▶ **Exercise details**
For this exercise, retype the lines from the one that holds "Pool 14 of 35" through the one that holds "Bribie Island Canal" in the records below, both included, exactly and without pictures.

▶ **Data for processing**
::::
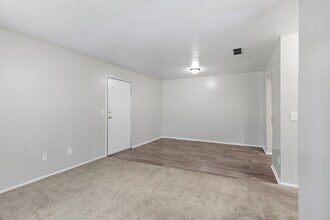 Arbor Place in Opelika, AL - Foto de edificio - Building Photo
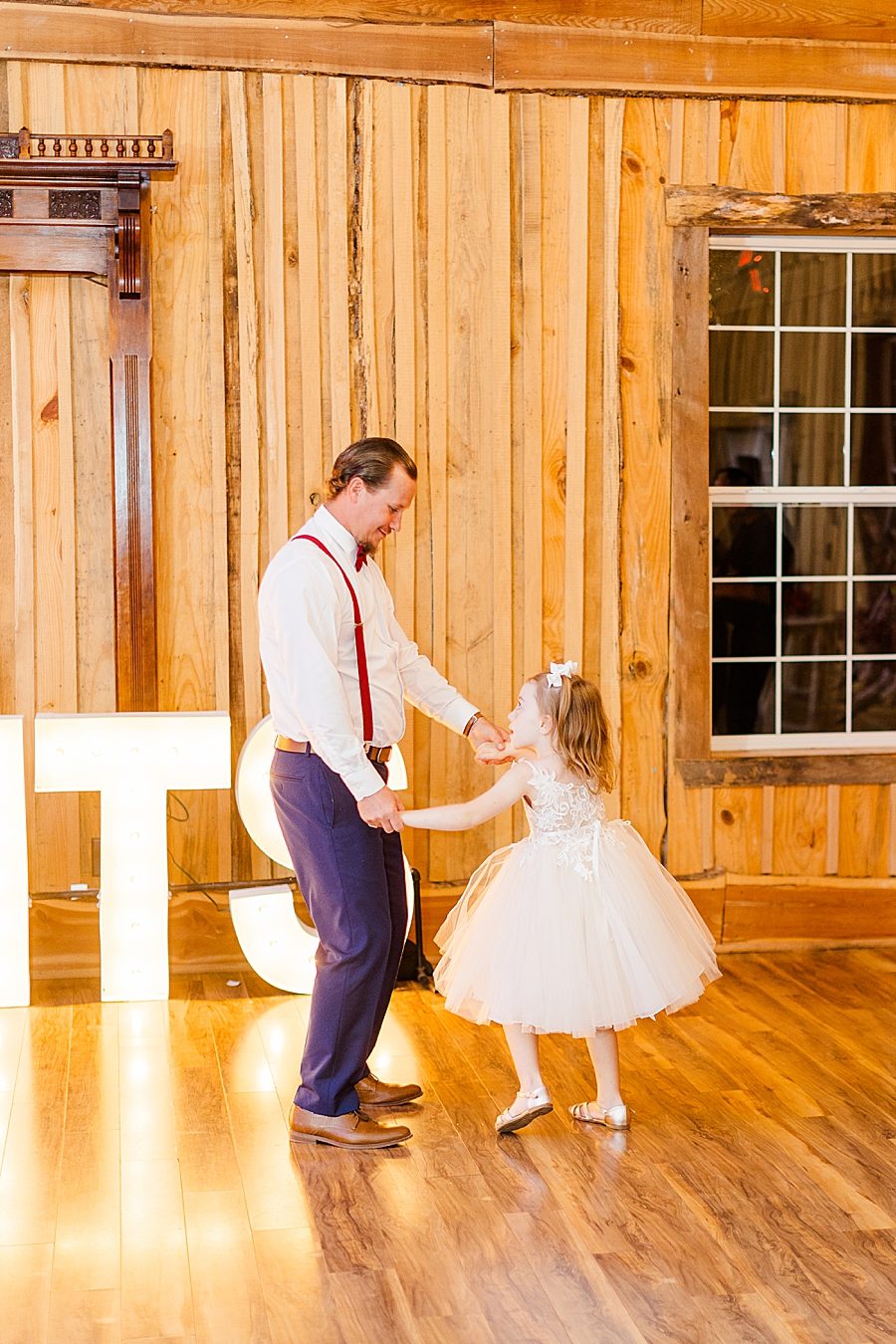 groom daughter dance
::::
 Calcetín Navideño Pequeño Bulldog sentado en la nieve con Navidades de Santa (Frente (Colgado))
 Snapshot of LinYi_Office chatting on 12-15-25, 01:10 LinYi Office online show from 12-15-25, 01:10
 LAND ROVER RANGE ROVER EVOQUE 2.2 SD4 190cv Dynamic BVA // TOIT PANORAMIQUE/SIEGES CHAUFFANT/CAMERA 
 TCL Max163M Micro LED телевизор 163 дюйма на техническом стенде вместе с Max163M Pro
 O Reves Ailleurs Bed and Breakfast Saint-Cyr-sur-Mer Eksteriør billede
::::
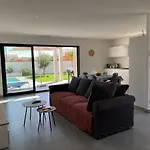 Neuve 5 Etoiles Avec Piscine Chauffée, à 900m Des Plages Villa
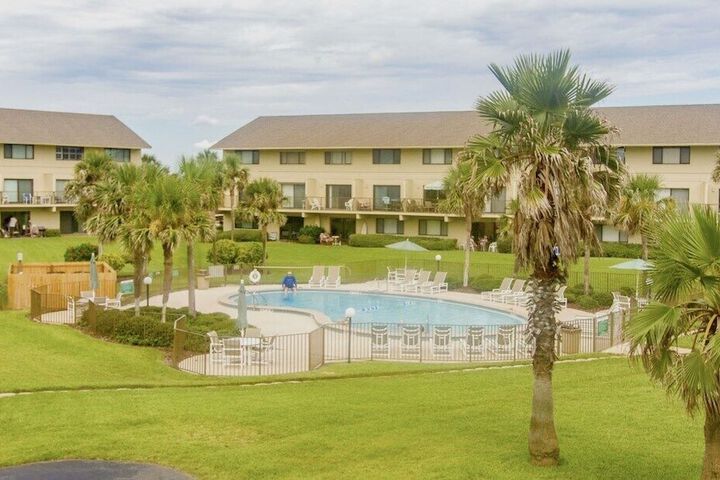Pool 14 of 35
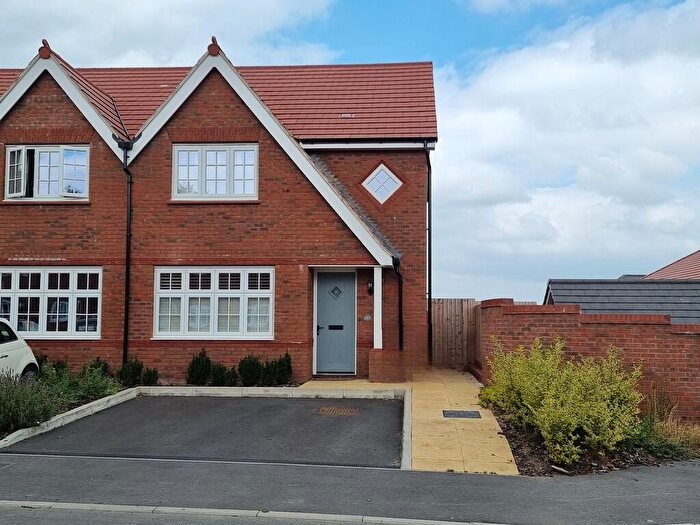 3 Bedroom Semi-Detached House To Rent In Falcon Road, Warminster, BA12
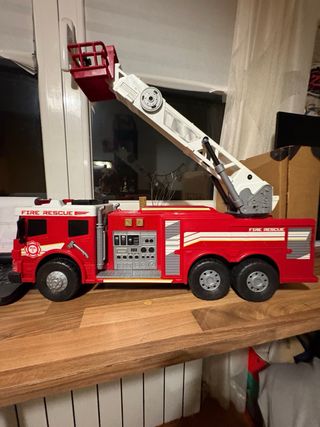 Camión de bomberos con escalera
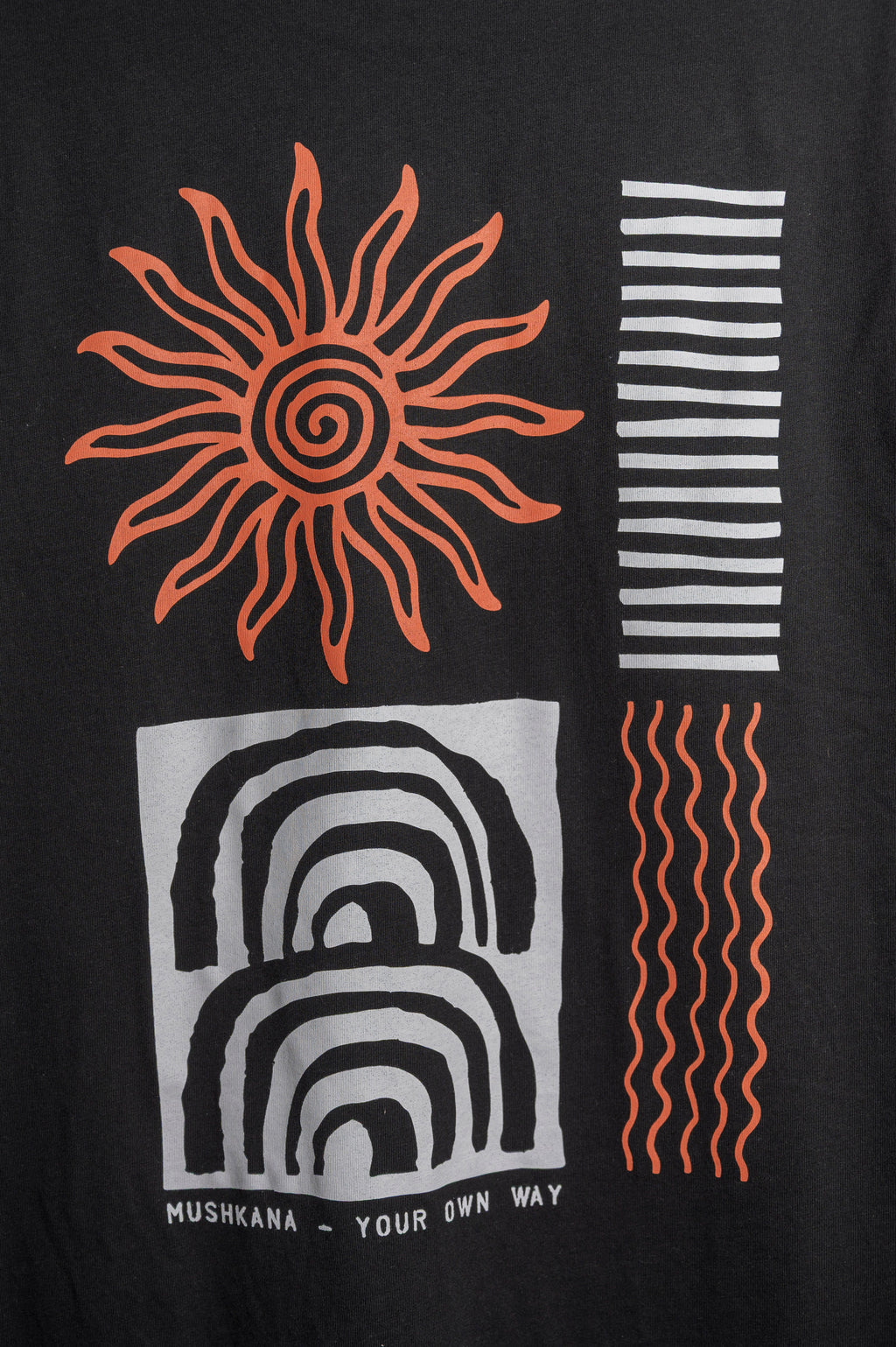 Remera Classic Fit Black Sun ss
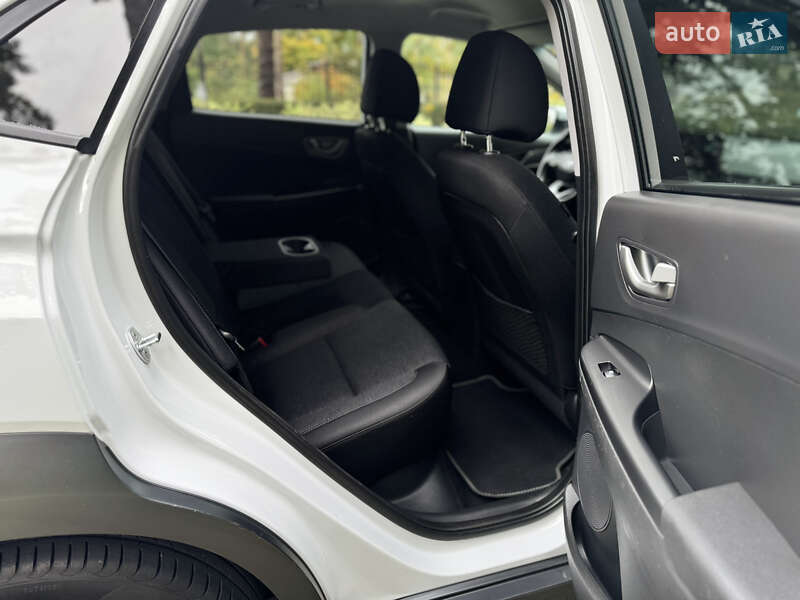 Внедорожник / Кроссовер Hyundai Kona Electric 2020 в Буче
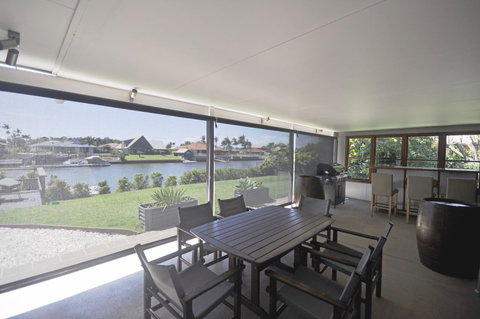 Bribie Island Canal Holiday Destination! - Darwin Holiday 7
::::
▶ **Exercise solution**
Pool 14 of 35
 3 Bedroom Semi-Detached House To Rent In Falcon Road, Warminster, BA12
 Camión de bomberos con escalera
 Remera Classic Fit Black Sun ss
 Внедорожник / Кроссовер Hyundai Kona Electric 2020 в Буче
 Bribie Island Canal Holiday Destination! - Darwin Holiday 7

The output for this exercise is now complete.